▸ EXERCISE GOAL
Print the line where "Like A Daydream Studded Bag Black - Image 5" occurs and every line that follows it in the data below, ending with the last line, precisely as written.
*** Opening of DATA FOR REVIEW ***
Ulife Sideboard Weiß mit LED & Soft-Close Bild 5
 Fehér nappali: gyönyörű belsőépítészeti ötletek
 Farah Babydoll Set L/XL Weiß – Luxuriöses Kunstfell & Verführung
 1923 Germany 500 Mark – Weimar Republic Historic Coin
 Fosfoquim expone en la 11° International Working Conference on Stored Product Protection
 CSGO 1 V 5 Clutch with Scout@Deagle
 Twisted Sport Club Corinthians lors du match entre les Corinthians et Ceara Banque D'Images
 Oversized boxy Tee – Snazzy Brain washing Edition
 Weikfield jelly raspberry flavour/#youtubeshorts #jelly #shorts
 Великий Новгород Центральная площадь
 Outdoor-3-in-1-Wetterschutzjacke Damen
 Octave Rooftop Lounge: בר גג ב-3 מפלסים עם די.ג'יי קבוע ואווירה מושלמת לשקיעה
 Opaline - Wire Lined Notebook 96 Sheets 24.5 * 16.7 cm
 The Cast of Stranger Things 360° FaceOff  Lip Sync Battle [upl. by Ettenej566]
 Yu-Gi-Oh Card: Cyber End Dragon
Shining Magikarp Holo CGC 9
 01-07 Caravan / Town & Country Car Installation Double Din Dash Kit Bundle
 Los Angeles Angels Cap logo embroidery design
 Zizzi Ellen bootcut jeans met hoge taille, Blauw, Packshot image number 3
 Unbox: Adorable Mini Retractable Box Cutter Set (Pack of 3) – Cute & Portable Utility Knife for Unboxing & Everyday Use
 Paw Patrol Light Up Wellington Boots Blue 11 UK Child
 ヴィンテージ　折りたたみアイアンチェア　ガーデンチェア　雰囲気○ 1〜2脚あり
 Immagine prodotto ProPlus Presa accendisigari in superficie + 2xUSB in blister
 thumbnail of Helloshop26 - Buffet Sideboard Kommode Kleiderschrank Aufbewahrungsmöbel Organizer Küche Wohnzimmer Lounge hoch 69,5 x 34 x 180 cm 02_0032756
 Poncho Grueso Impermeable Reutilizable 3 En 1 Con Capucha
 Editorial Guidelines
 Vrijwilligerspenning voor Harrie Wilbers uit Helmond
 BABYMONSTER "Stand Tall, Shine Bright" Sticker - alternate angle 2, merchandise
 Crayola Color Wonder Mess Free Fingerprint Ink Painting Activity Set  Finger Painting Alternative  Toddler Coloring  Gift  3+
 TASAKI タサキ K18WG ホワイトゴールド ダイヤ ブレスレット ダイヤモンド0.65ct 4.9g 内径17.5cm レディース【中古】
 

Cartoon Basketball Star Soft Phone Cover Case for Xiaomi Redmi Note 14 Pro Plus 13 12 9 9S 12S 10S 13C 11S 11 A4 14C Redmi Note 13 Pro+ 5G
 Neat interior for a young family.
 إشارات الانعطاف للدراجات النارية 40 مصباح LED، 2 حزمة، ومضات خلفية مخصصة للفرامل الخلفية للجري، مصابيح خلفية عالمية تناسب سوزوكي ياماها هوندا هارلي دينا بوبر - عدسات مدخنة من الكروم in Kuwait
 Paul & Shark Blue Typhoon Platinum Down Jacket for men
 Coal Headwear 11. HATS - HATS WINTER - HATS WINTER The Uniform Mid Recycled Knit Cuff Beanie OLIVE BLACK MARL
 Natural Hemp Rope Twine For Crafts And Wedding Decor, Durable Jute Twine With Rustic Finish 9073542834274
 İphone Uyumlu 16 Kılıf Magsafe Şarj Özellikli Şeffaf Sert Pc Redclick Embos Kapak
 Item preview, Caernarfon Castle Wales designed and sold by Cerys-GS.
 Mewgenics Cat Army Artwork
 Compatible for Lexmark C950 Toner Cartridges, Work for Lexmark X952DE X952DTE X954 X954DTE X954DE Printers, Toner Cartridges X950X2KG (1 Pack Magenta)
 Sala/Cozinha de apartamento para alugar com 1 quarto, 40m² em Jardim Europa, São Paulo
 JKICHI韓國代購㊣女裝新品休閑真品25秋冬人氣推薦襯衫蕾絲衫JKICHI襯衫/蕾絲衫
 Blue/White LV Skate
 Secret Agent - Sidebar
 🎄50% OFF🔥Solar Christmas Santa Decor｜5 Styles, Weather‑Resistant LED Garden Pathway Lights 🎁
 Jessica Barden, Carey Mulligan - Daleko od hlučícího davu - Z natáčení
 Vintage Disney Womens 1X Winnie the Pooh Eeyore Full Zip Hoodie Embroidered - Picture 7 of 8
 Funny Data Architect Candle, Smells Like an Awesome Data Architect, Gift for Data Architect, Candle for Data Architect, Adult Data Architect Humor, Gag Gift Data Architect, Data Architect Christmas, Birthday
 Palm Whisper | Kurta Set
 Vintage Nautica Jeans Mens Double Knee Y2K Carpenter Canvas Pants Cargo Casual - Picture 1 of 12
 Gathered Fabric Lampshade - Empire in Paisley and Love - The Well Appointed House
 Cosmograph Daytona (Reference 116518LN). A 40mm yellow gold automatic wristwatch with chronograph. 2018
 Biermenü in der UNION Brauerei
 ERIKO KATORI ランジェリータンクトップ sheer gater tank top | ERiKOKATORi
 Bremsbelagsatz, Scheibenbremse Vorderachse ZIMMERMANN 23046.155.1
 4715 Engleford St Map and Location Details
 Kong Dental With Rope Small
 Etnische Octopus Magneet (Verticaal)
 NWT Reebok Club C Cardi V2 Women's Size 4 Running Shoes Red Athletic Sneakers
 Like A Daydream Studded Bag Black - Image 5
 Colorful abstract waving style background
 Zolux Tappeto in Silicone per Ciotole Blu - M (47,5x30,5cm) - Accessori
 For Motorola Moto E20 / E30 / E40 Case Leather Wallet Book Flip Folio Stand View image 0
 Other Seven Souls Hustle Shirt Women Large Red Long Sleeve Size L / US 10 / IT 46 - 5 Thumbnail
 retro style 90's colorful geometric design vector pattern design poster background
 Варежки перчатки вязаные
*** Close of DATA FOR REVIEW ***
▸ TASK ANSWER
 Like A Daydream Studded Bag Black - Image 5
 Colorful abstract waving style background
 Zolux Tappeto in Silicone per Ciotole Blu - M (47,5x30,5cm) - Accessori
 For Motorola Moto E20 / E30 / E40 Case Leather Wallet Book Flip Folio Stand View image 0
 Other Seven Souls Hustle Shirt Women Large Red Long Sleeve Size L / US 10 / IT 46 - 5 Thumbnail
 retro style 90's colorful geometric design vector pattern design poster background
 Варежки перчатки вязаные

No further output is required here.